O caso era de uma acusação de homicídio duplamente qualificado, por motivo torpe (vingança) e pelo uso de recurso que dificultou a defesa da vítima: dirigindo seu veículo, o réu, deliberadamente, investiu contra o homem que havia matado o pai do acusado quando este ainda era um bebê.
Na primeira parte do interrogatório, ele respondeu que vivia maritalmente com uma mulher, com a qual tinha três filhos, um deles de colo. Todos dependiam de seu trabalho. Era mecânico.
No dia do fato, disse que avistou a vítima na parada de ônibus e decidiu dela se vingar, atropelando-a, deliberadamente, nela produzindo lesões letais. Era a pessoa que há mais de 20 anos tinha matado seu pai, coisa que não podia esquecer.

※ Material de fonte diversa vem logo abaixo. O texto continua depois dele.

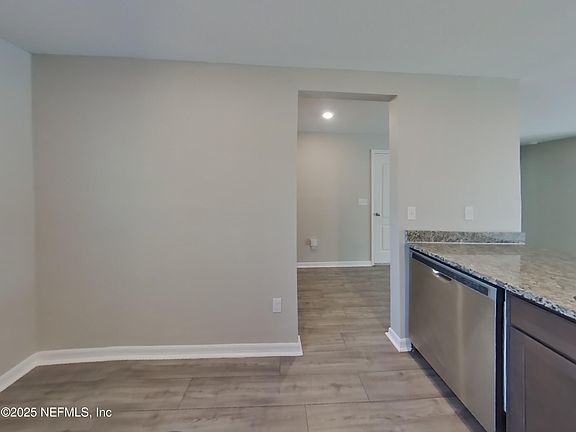 4th image of 14 Rivera Ln #14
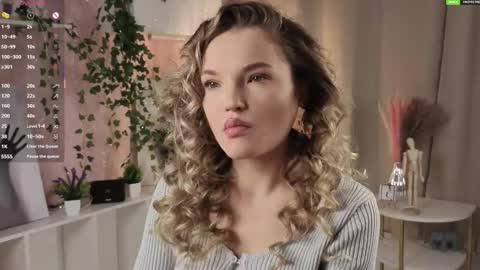 Hi Im Alice and here youll find something online show from 12-21-25, 06:09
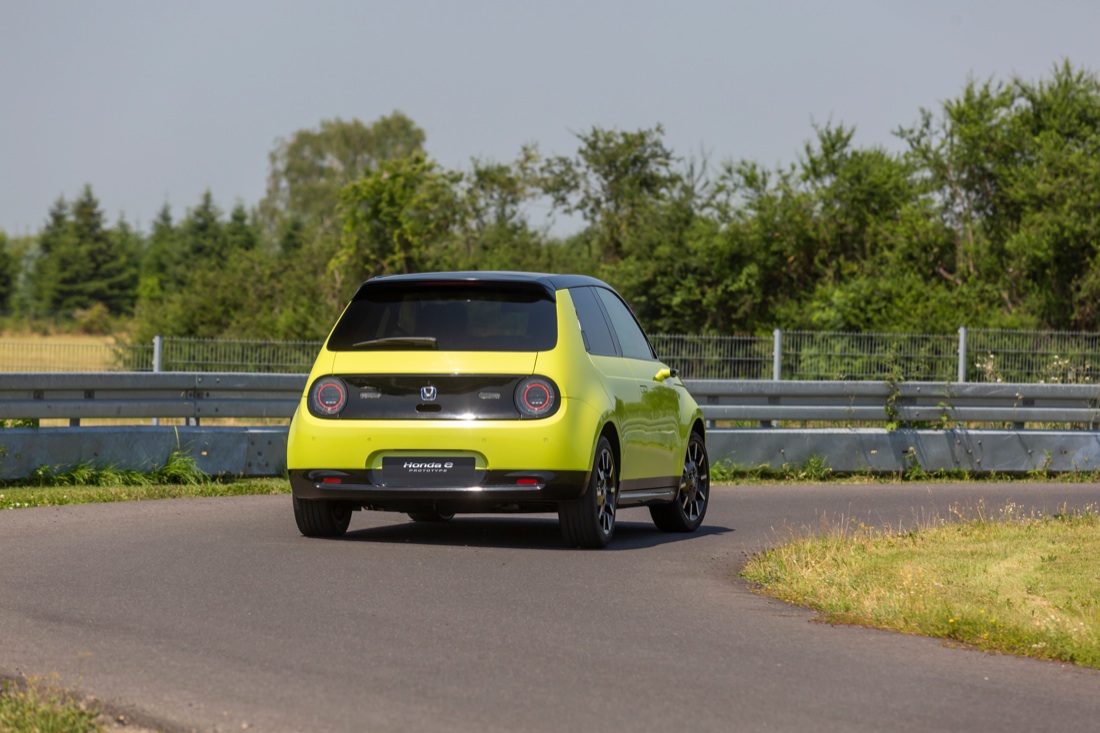 La nuova Honda “E”, la city car elettrica dal cuore sportivo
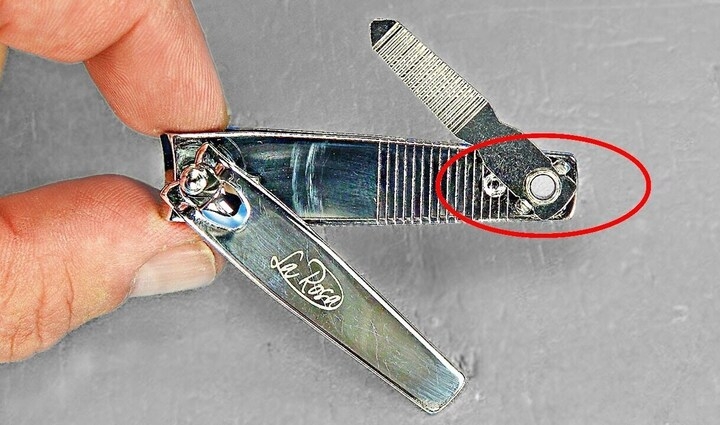 Phần đuôi của chiếc bấm móng tay luôn có một lỗ nhỏ, khiến nhiều người thắc mắc về công dụng thực sự của chi tiết này.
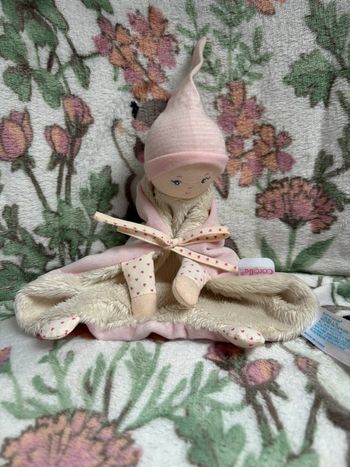 Doudou poupée corolle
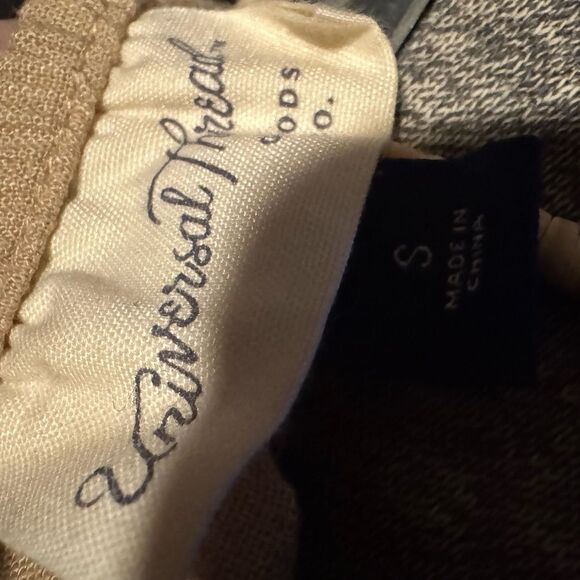 Universal Thread Beige Long Sleeve Dress with Pockets - Picture 4 of 6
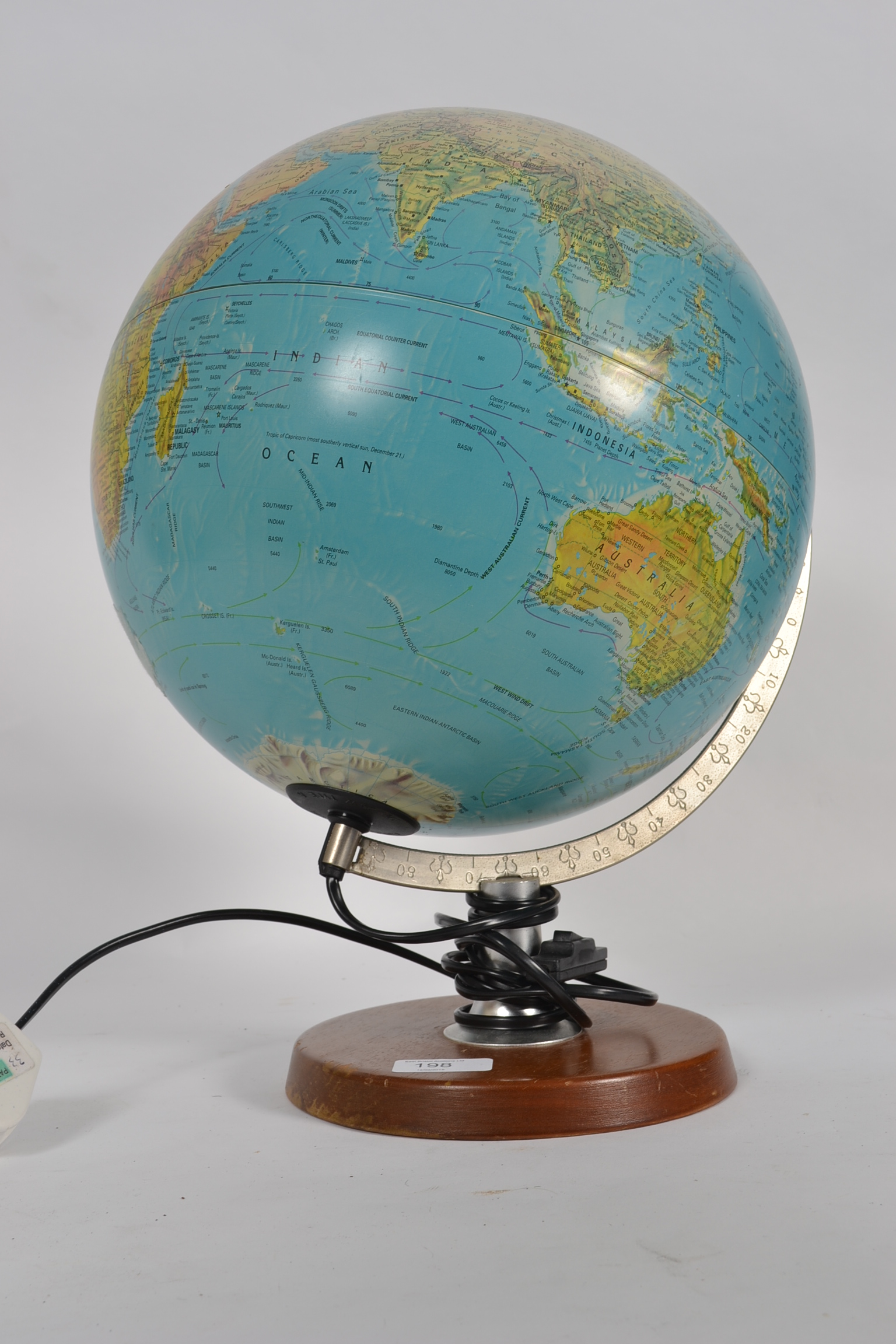 A vintage styled Globe lamp.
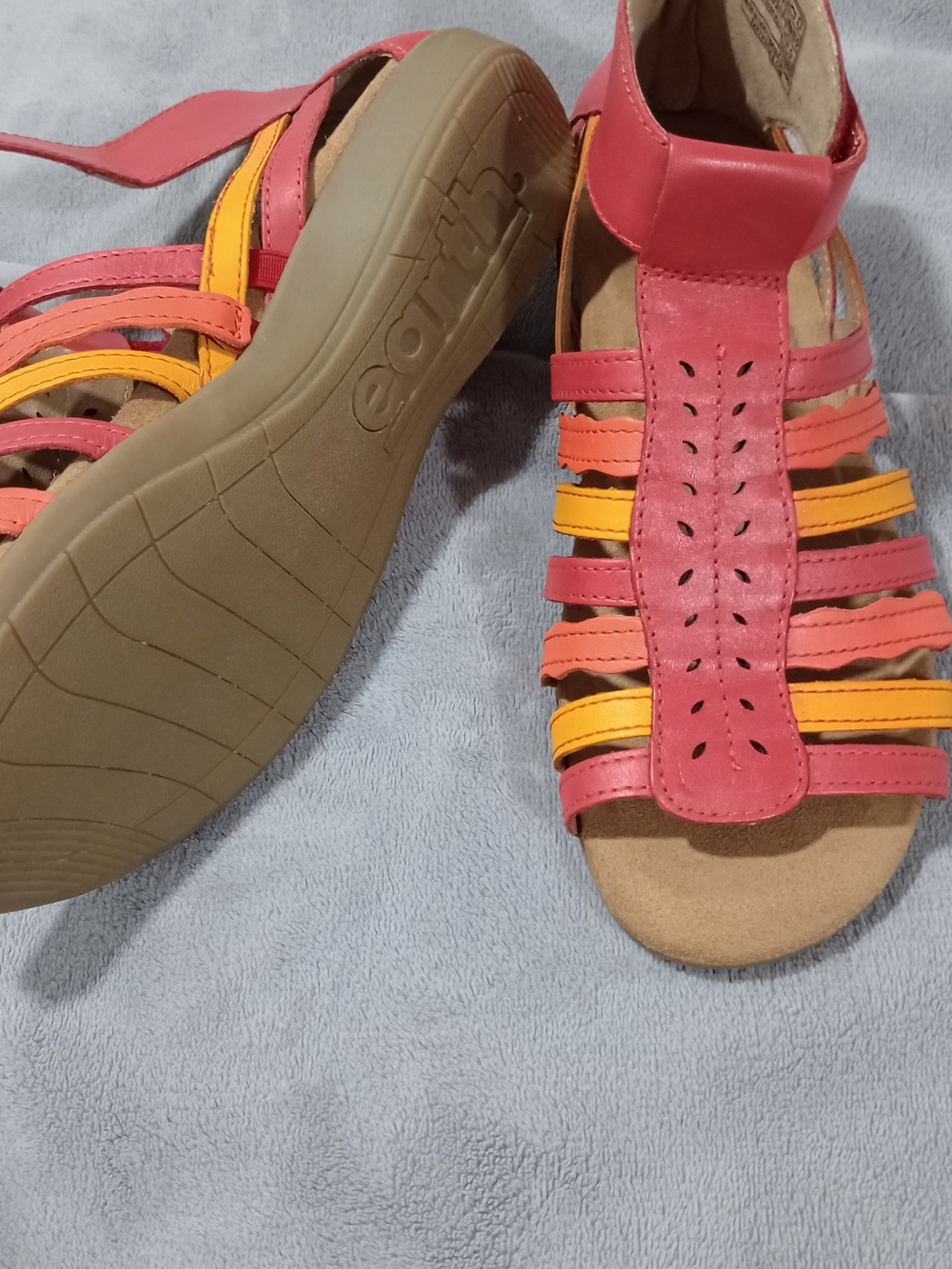 NWOT Earth Pink Coral & Yellow Multi-Striped Women's Sandals Size 8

“Arrependimento”? “Não, Senhora. Quando eu o vi, tive uma raiva tão grande por ter crescido sem conhecer e sem ter um pai, que só me veio à cabeça acabar com a vida daquele homem”.
Juíza, Defensor e eu, todos nos entreolhamos atônitos. Aqueles olhares diziam o que a voz não verbalizava: “E agora? O réu está indefeso (coisa que não pode)?”
Até hoje, tenho esse caso como paradigma do poder da raiva. Por conta dela, os três filhos do réu, em algum momento, também irão ficar sem um pai do qual dependem.